Lets see what value does `(x-1)/(x^2-1)` approach when `x` approaches 1.

x | 0.9 | 0.99 | 0.999 |
1.0001 |
1.001 | 1.01 |

`y=(x-1)/(x^2-1)` | `(0.9-1)/(0.9^2-1)=0.5263` | `(0.99-1)/(0.99^2-1)=0.5025` | 0.5003 |
0.499975 |
0.49975 | 0.4975 |

So, as x approaches 1, `f(x)` approaches 0.5, thus `lim_(x->1)(x-1)/(x^2-1)=1/2`.

**Example 4**. Calculate `lim_(x->0)cos(pi/x)`.

Lets see where `cos(pi/x)` goes when `x` approaches 0.

`x` | `f(x)` |

1 | `cos(pi/1)=-1` |

0.1 | `sin(pi/0.1)=-1` |

0.001 | `sin(pi/0.001)=-1` |

0.0001 | `sin(pi/0.0001)=-1` |

It seems that `lim_(x->0) cos(pi/x)=-1`, but this is WRONG answer! The reason is that we took only values at which `cos(pi/x)=-1`.

Note that `cos(pi/x)=-1` when `x=1/n` for any integer `n`.

But also `cos(pi/x)=0` for infinitely many values of `x` that approach 0. In fact as `x` approaches 0, cosine take any value from interval `[-1,1]`. In other words `cos(pi/x)` oscillates infinitely many times as `x` approaches 0.

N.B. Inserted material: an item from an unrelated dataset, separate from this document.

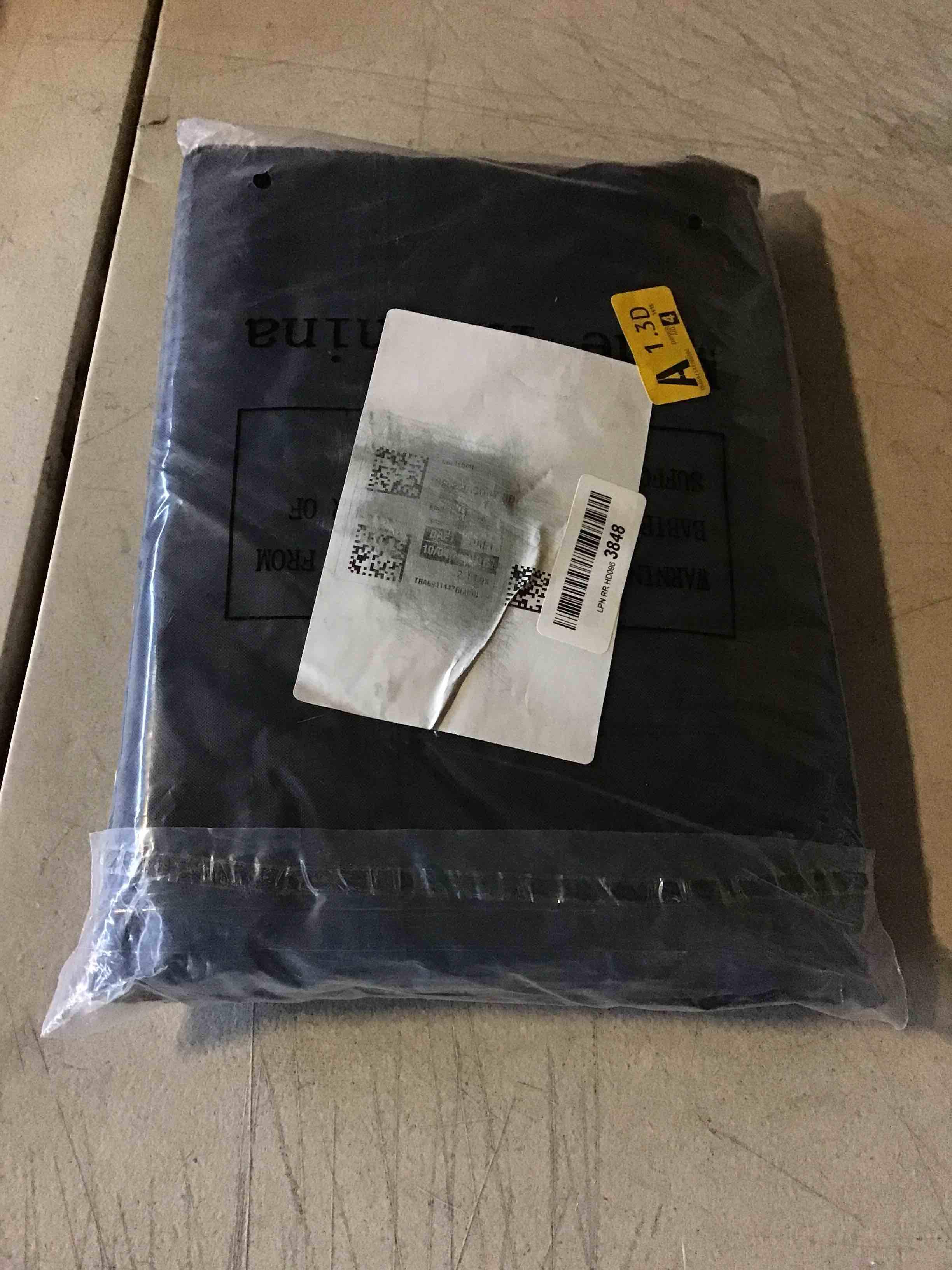https://s3.amazonaws.com/lotting-images-prod/bidfta/RED5509250_1701177860249.jpeg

Since `cos(pi/x)` doesn't approach any fixed value then `lim_(x->0)cos(pi/x)` doesn't exist.

This example shows that we can guess wrong value if we take inappropriate values of `x`. It is also difficult to understand when to stop calculating values. However, we will give correct methods for calculating limits.

**Example 5**. Calculate `lim_(x->0)1/x^2`.

As x approaches 0, `x^2` also approaches 0 so `1/x^2` becomes very large (for example when `x=0.001` we have that `1/x^2=1000000`). Thus, value of `f(x)` approach infinity without a bound, so `lim_(x->0)1/x^2=oo`.